And yet the team still competed hard. If it played Tennessee 100 times it probably wins a few dozen. Thirty turnovers are a scary stat, but this is a classic December loss; the key is making sure it's not still happening in February or beyond.
"Tonight, I don't think is indicative of the type of offense we can play, but I will tell you we're not where we can be or we're going to be," said Jensen. "[The offense] gets better with time. It's a lot of reads. But tonight, I wouldn't give us a passing grade with reads."
2. Legs, and how to use them. Tennessee's 14-1 run came at the end of a fourth quarter in which the rotation-heavy Volunteers made 22 total substitutions. Iowa, meanwhile, ran with the starters for the entire last period until the last 38 seconds, when Taylor McCabe came in amid some late-game defensive shuffling. The game was already effectively over.
Was Iowa dealing with dead legs by the end of the game? No, said Jensen — but they were still worn out from the press.
"I don't think physically it was, but it was mentally," said Jensen. "The pressure will get to you. It weighs on the mind."
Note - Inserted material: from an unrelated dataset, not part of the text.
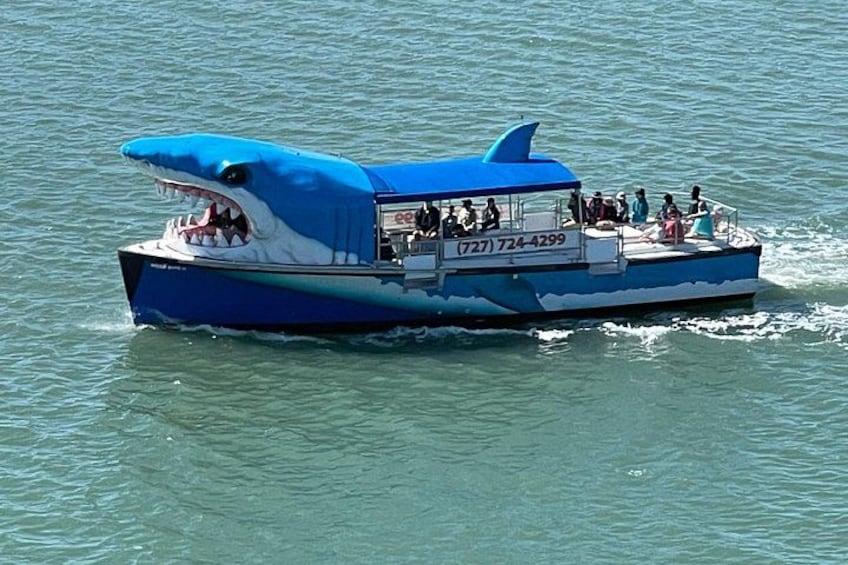A boat with a shark design, a phone number, and people on board. 1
True to Jensen's statement, Iowa's legs didn't look tired down the stretch, and the team had used its bench for 39 of its 150 minutes through three quarters, a light-but-healthy 26% of total minutes at that point.
In those 39 minutes of bench action, though, came seven turnovers — including five for the freshman guard trio of Aaliyah Guyton, Taylor Stremlow and Teagan Mallegni in 19 minutes.
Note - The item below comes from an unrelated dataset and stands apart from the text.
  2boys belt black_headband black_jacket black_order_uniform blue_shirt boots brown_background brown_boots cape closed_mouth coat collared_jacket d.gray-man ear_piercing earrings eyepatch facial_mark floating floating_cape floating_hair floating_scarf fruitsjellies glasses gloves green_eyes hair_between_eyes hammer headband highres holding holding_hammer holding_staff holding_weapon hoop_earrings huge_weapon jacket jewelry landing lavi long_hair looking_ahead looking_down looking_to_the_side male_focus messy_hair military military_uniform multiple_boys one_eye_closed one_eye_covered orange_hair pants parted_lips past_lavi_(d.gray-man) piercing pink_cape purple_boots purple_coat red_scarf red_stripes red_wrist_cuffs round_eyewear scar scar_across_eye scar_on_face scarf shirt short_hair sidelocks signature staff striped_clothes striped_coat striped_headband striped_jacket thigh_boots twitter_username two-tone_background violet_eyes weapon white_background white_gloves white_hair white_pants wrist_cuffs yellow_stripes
"[Tennessee] is going to make you win ugly, and is probably going to make you lose ugly, unless you have some tremendous depth of ball-handlers," said Jensen. "That's just one thing right now, with a relatively young team, in the sense of minutes played in pressure situations. Kylie and Syd, they didn't play a whole lot of minutes (last year), and now I'm asking them to break press and handle it."
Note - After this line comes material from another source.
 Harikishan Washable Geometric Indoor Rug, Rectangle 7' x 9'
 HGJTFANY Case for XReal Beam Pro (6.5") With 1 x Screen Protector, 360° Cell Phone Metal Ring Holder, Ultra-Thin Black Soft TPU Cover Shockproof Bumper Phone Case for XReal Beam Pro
There's no reason to believe Jensen was wrong about her team's conditioning; the Hawkeyes didn't look gassed or incapable of getting their shots over the rim.
However: there's no denying the Vols' legs were fresher, and that some bench minutes could have alleviated that mental fatigue — or kept it from creeping in while Iowa still had a lead to protect late. Who knows? Maybe that idea's got... legs.
3. Life in marvelous times. In a strange way, Saturday's loss didn't ever seem like a question of Iowa's legitimacy; it seemed like a statement of it. For all 40 minutes, Iowa belonged on that court, like everyone expected them to.
In fact, let's just say it all out: Iowa women's basketball just played Tennessee, on prime-time national television, at one of the sport's most prestigious arenas. And Fox treated the whole thing like absolute gold, with Iowa's presence there as much a part of the draw as Tennessee's.
Imagine reading that 30 years ago. Or 20 years ago. Hell, 10.
But this is the new normal for the team — a team that recruits for five-stars now, a team that was more than happy to hitch a ride on Caitlin Clark's comet, sure, but whose culture was strong enough for that ride and the heights she helped it reach.
Not only has Iowa's WBB program maintained a leap of some quanta up in the post-CC era, the sport has as well. Both are encouraging signs to see. Nowhere in the coverage was there any wink or nod at the novelty of anything involved, or an Iowa playing a Tennessee, or a large crowd for a neutral-site women's game in December. Clark barely came up.
It's easy to take the absence of something for granted, especially everything mentioned above, but some appreciation seems appropriate. The new normal won't be the same as the Clark years or any that came before, but it seems all right.